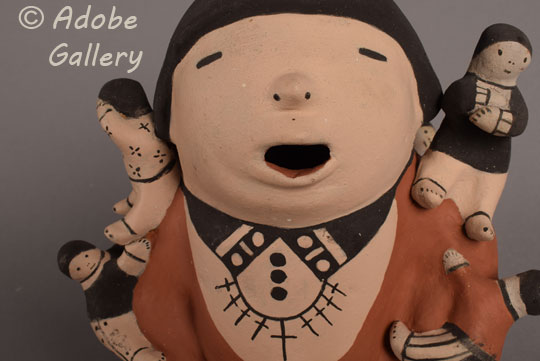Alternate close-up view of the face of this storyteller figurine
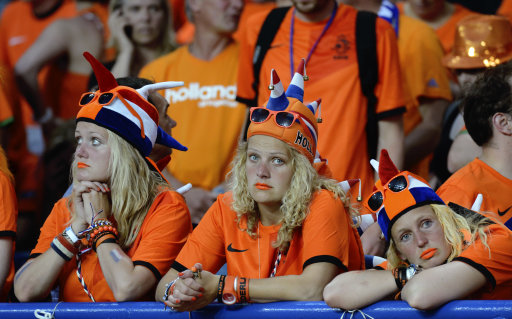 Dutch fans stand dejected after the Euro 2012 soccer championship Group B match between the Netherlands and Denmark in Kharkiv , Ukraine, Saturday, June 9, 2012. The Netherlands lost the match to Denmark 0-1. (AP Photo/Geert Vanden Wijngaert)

========

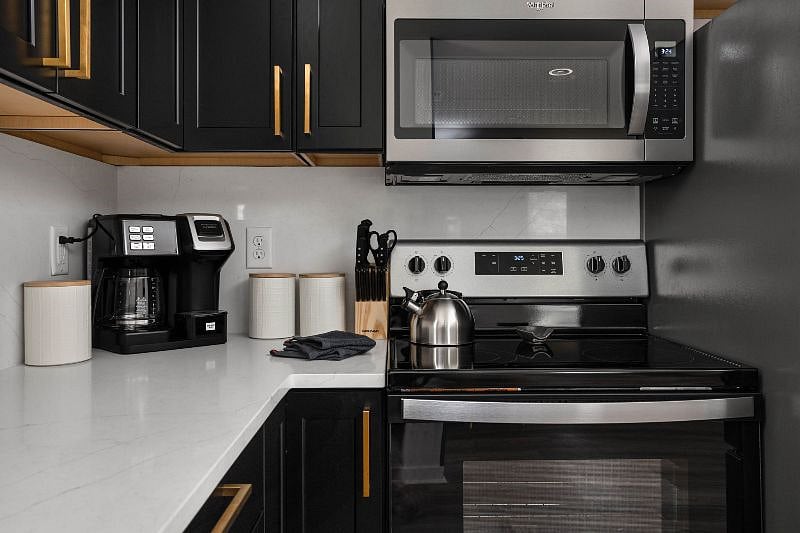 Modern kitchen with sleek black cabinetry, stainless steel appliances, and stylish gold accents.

========

AIM OF THE EXERCISE ::
Here the job is to copy the stretch of records from the line containing "Alternate close-up view" through the line containing "Dutch fans stand", word for word. Leave every picture out.

TASK SOLUTION ::
Alternate close-up view of the face of this storyteller figurine
 Dutch fans stand dejected after the Euro 2012 soccer championship Group B match between the Netherlands and Denmark in Kharkiv , Ukraine, Saturday, June 9, 2012. The Netherlands lost the match to Denmark 0-1. (AP Photo/Geert Vanden Wijngaert)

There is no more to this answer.